Newsday

Bush Has Chance to Buoy Asia Ties

In traveling to the Asia Pacific Economic Cooperation summit of regional leaders in Shanghai this week, President George W. Bush will be seeking to expand and strengthen the international coalition war against terrorism.

While the war against the Taliban in Afghanistan is just a month old, the gathering of leaders from APEC's 21 member states presents Bush's campaign with some of his most promising opportunities and daunting challenges.

The centerpiece of this year's APEC meetings will be a jointly issued declaration that condemns international terrorism. While negotiation over the document has not been easy, such a show of solidarity among APEC's diverse members is particularly important—especially as the predominantly Muslim nations of Indonesia and Malaysia are ambivalent at best about the ongoing campaign in Afghanistan. To counter this, Bush should encourage the leaders of Malaysia and Indonesia to draw on the united stand expressed at the APEC meeting as a way to counter radical elements at home.

He also will have the opportunity to firm up bilateral relations with key regional actors, most notably Russia and China. Russian President Vladimir Putin's impressive display of support for the United States since Sept. 11 offers a credible basis for further trust-building measures, including greater military to military contacts and intelligence sharing.

Today's scheduled meeting between Bush and China's president Jiang Zemin, their first, also provides an opportunity to put U.S.-China relations back on solid footing after plunging to new lows earlier this year.

While bilateral relations had already begun to stabilize before Sept. 11, the anti-terror platform has given the two nations a salient framework for cooperation: China voted for the U.S.-sponsored United Nations resolution condemning terrorism, gave Pakistan both moral and financial support as Washington sought its cooperation, and has temporarily set aside concerns over a U.S. military presence near its western border.

Jiang's eagerness to showcase Shanghai, China's most prosperous and cosmopolitan city, also will underscore the importance of economic relations between the two nations.

Bush, who last visited China in the 1970s, will undoubtedly be impressed as never in history has a nation liberalized its economy so quickly and made such rapid gains in increasing its share of total world trade. Bush can also applaud the concessions China made to join the World Trade Organization, which will ensure that its path of economic liberalization will continue to move ahead.

In his drive to build an international anti-terror coalition, however, Bush also risks tacitly acquiescing to China's and Russia's desire to justify their own brutal suppression of independence movements among ethnic minorities within their borders.

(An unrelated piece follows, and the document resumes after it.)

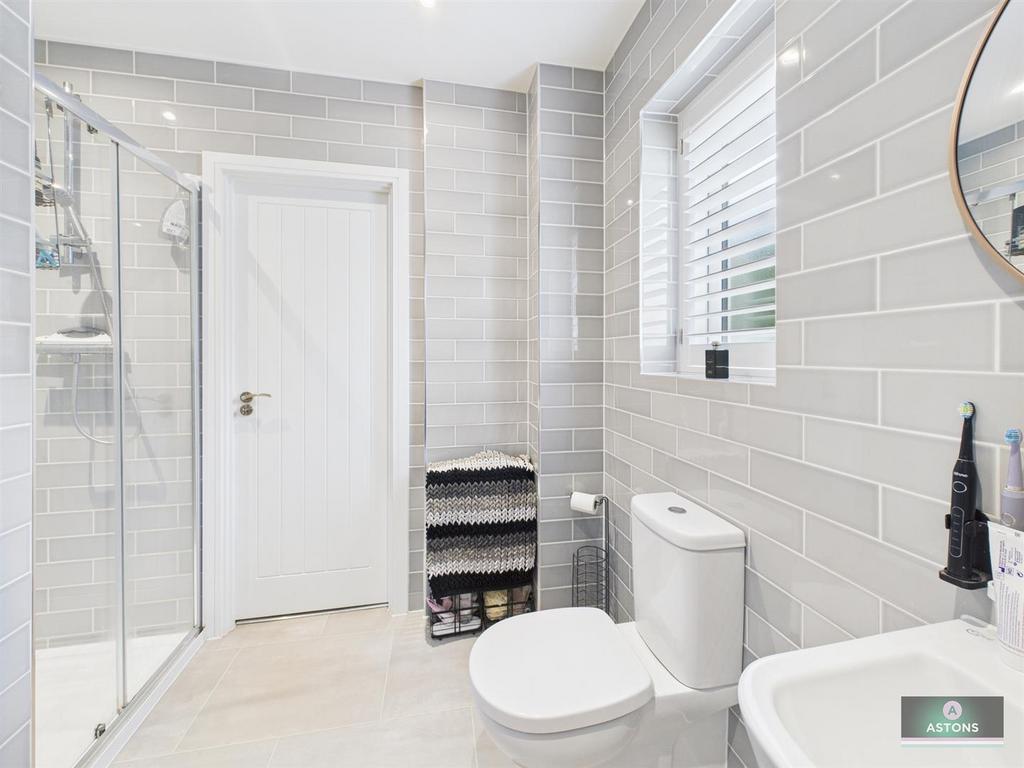 Jack and Jill En-Suite Shower Room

China's state-run media have been particularly audacious in their attempts to label independence movements in its northwestern province of Xinjiang, Tibet and even Taiwan as "terrorist."

Bush should resist these efforts by drawing clear moral distinctions between terrorism and the struggle for self-rule by peoples of historically autonomous regions.

Terrorists commit violent acts against innocent civilians for the purpose of creating a state of widespread fear, and increasingly export this terror abroad to broaden their cause. People who peacefully advocate different governing arrangements—such as in Tibet and Taiwan—are not terrorists. Bush should clearly set out this distinction to Chinese leaders.

He should also impress upon Jiang the importance of stepping up efforts to cut off weapons proliferation to states that sponsor terrorism. For years, China has tried to ride the fence between adapting to international norms, on one hand, and courting such states as Iran and Iraq, on the other. Its reasons for the latter are motivated in part by a desire to offset America's global dominance, and in part by fear that radicals in the Mideast will export their Islamic extremism to China's restive Muslim minorities.

Yet the events of Sept. 11 illustrate with crystal clarity the dangers of flirting with states that provide haven for terrorists, even indirectly. Nor should China feel complacent in its position. Any assurances Beijing may have received from officials in Baghdad or Tehran will be of little use if terrorists decide to support the cause of their Islamic brothers in Xinjiang. According to China's own internal reports, thousands of independence activists from Xinjiang have received terrorism training in Afghanistan and Pakistan.

Finally, Bush should be prepared to show other APEC countries that he is willing to work with other nations, not merely give orders. Much of other countries' reluctance to throw their weight fully behind the United States in fighting terrorism comes from the widespread perception that Washington has lost interest in working through multilateral channels to obtain its objectives, preferring instead to go it alone.

Bush could earn back a good deal of confidence—and make practical gains in the anti-terror coalition building effort—by genuinely seeking cooperative and sustained partnerships with governments in the Asia Pacific region.